Bhushan Steel Ltd Book Profit Research by FairWealth Securities

Bhushan Steel Ltd Book Profit Research by PINC ResearchWe recommend our clients to book profit in Bhushan Steel Ltd (BSL) at Rs 431. ‘Fundamental BUY’ call was given at Rs 360 on 09th Feb, 2011 and the stock has almost given 20% return from this level. Higher raw material prices (~35% rise) are likely to hit margins by 300-500bps coupled with uncertain demand prevailing in the industry due to high interest rate environment in Indian economy.

Rationale

High raw material prices would dent the margin: raw material accounts for nearly 60% of sales and 86% of total expenditure. The iron ore prices have escalated by 38% to $183/ton during Jan11 against $132/ton in Oct10. Coking coal prices have also gone up by 33% to $300/ton from the levels of $225/ton on the back of shortage of supply from Australia. Any further hike in raw material prices would dent the margins to the tune of 300-500bps. The blended realization/ton remains flat on sequential basis at Rs 45104/ton against Rs 45013/ton during Q2FY10, while on y-o-y basis it has improved over 7% from Rs 42017/ton.

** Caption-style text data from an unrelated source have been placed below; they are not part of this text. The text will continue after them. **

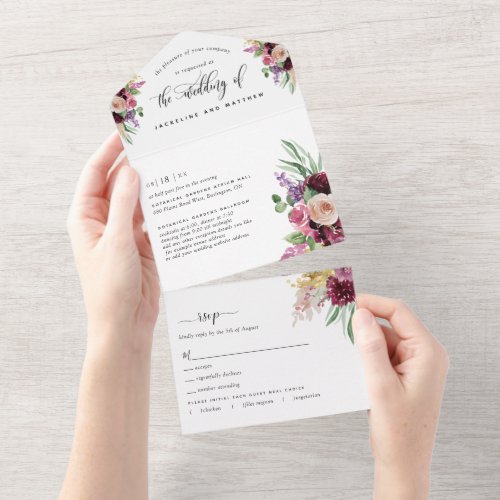 Photo Purple Mauve Floral Wedding Tear Off RSVP All In One Invitation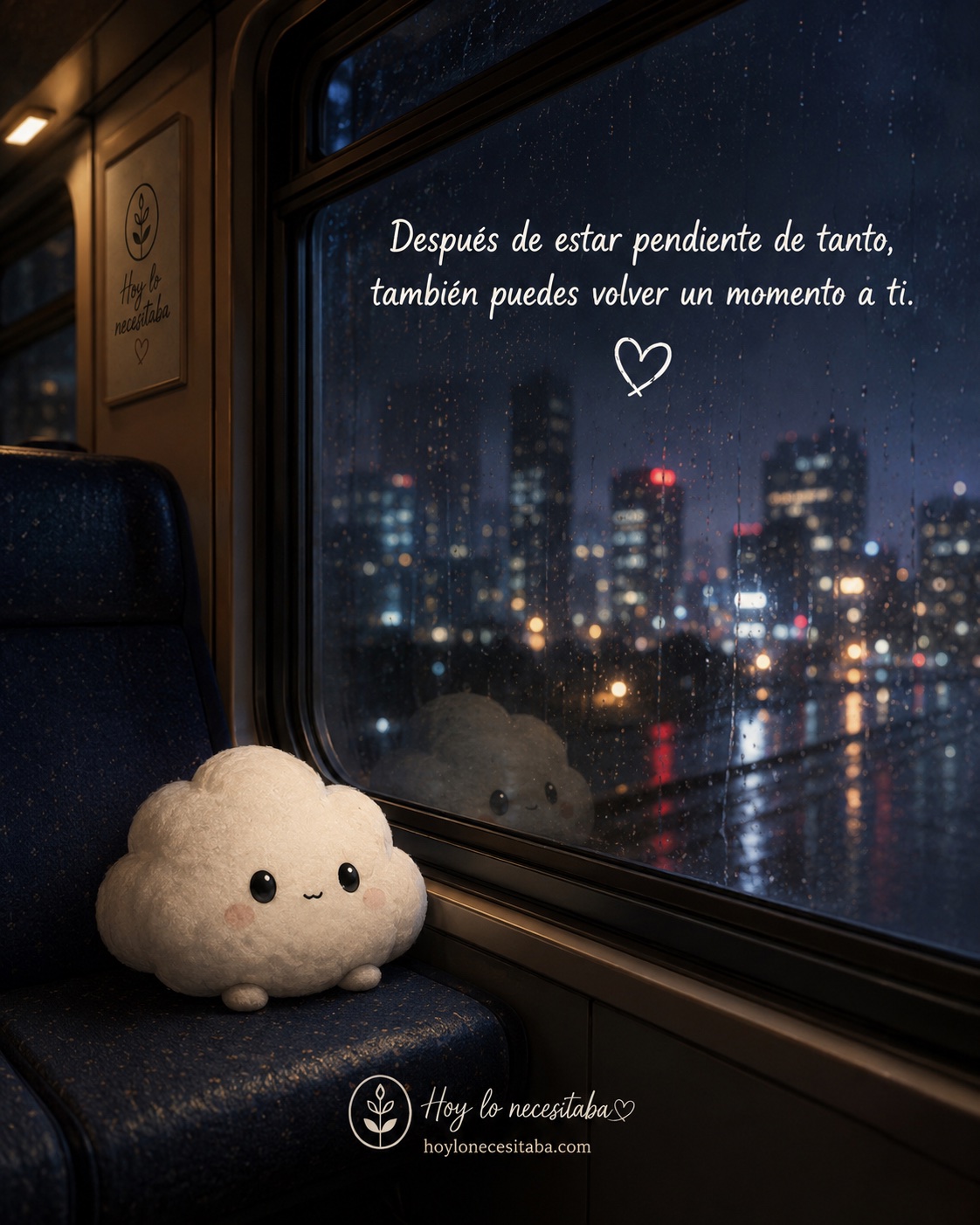 Nube contempla una ciudad lluviosa desde un tren y acompaña a quien necesita volver a escucharse después de estar pendiente de tantas cosas.
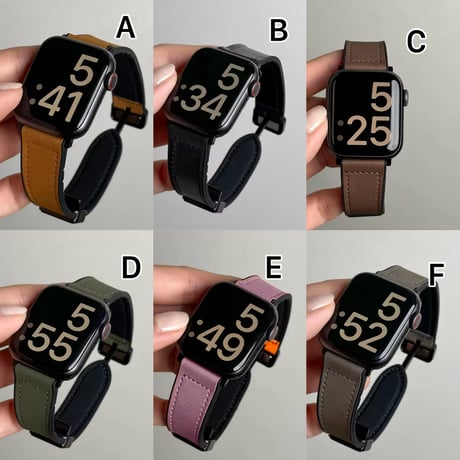 N00193 クラシックレザールック Apple Watchバンド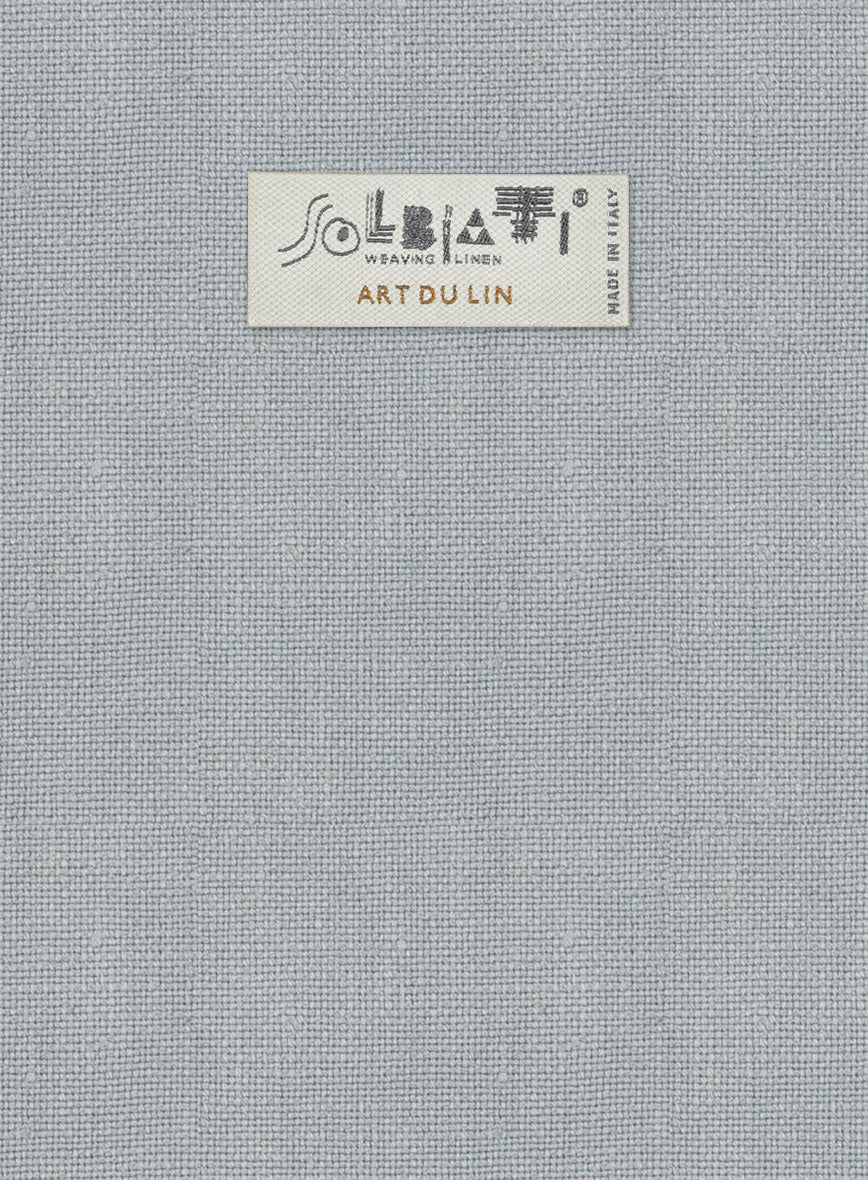 Solbiati Art Du Lin Blue Gray Linen Suit - StudioSuits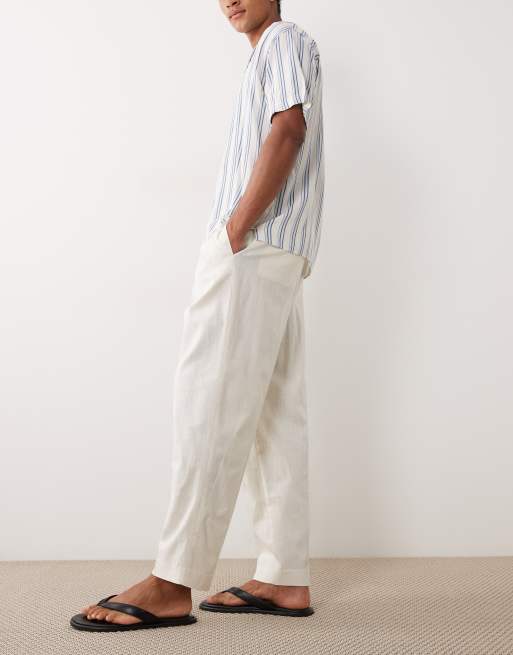 ASOS DESIGN pantaloni sartoriali relaxed tapered effetto lino in ecru, 3 di 5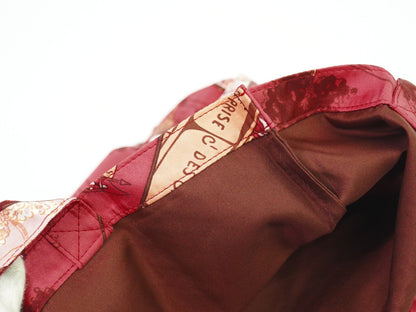 Hermes Silky Pop Tote Printed Silk, BURGUNDY, SILK, Tote bag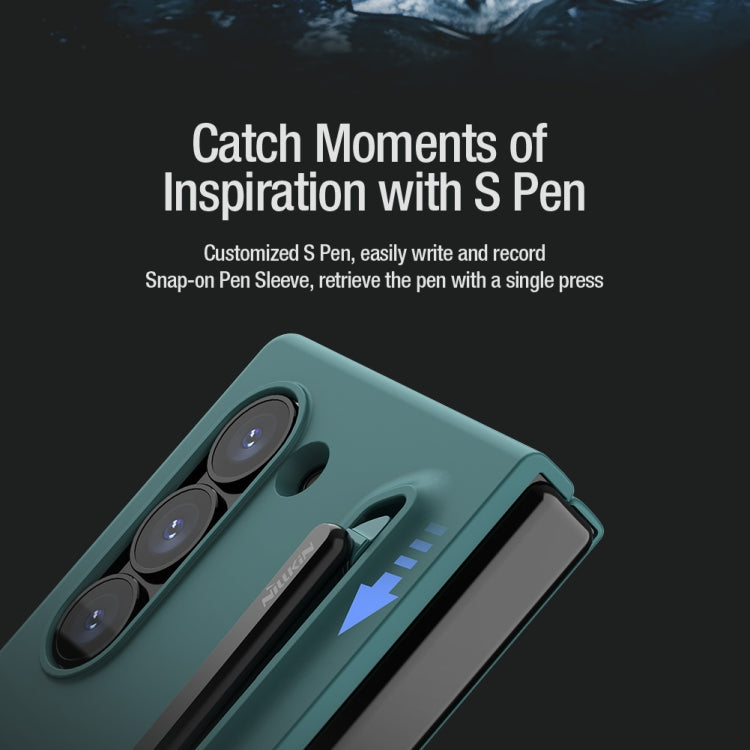 For Samsung Galaxy Z Fold6 5G NILLKIN Flex Pure PC + Liquid Silicone Phone Case with S Pen(Green)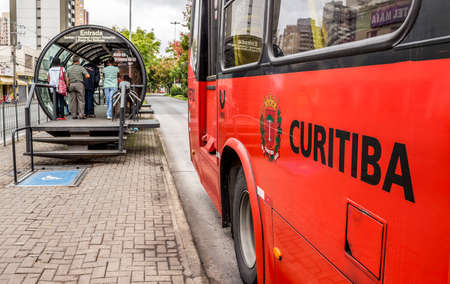 The iconic Curitiba Public Transportation System in Parana, Brazil.のeditorial素材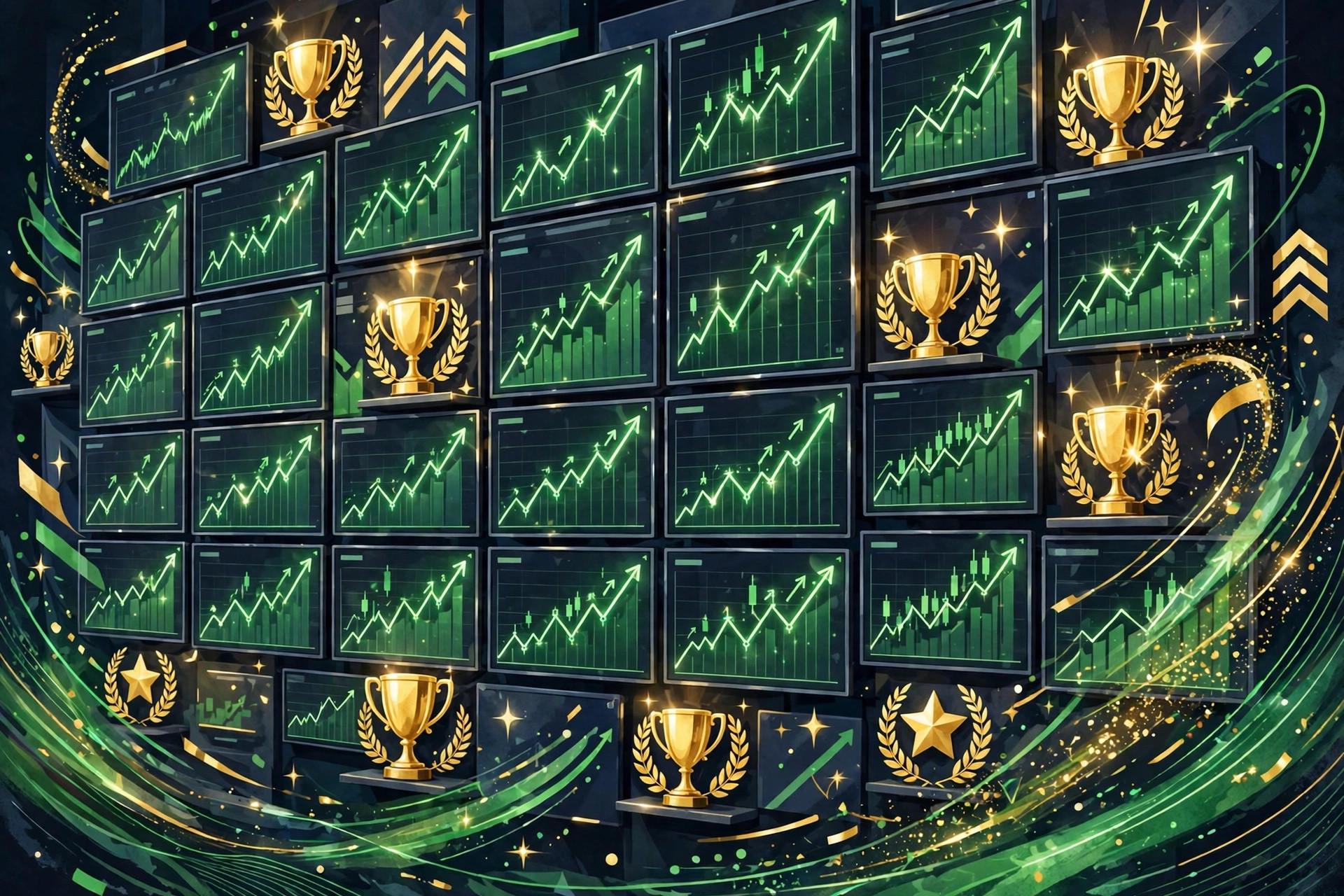Stock exchange trading board with rising charts illustrating record IPO demand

Uncertain demand will leave little scope for further price hike: steel manufactures have hiked steel prices nearly 21% during the last four months, thereby leaving little scope for further hikes. Adding to that high interest rate scenario is prevailing in the industry. BSL which primarily caters to auto manufactures is likely to be affected by high interest, as the demand for auto grade steel is expected to slow down. A complete pass- through to final steel consumers remains unlikely, that means steel producers may have to bite into their margins for the next two quarters.

High Debt-Equity ratio is a concern: the company poses over Rs 10000cr debt in its book, with debt-equity ratio at 3 which is a cause of concern. With margins likely to remain subdued, high debt would act as a hindrance in further expansions.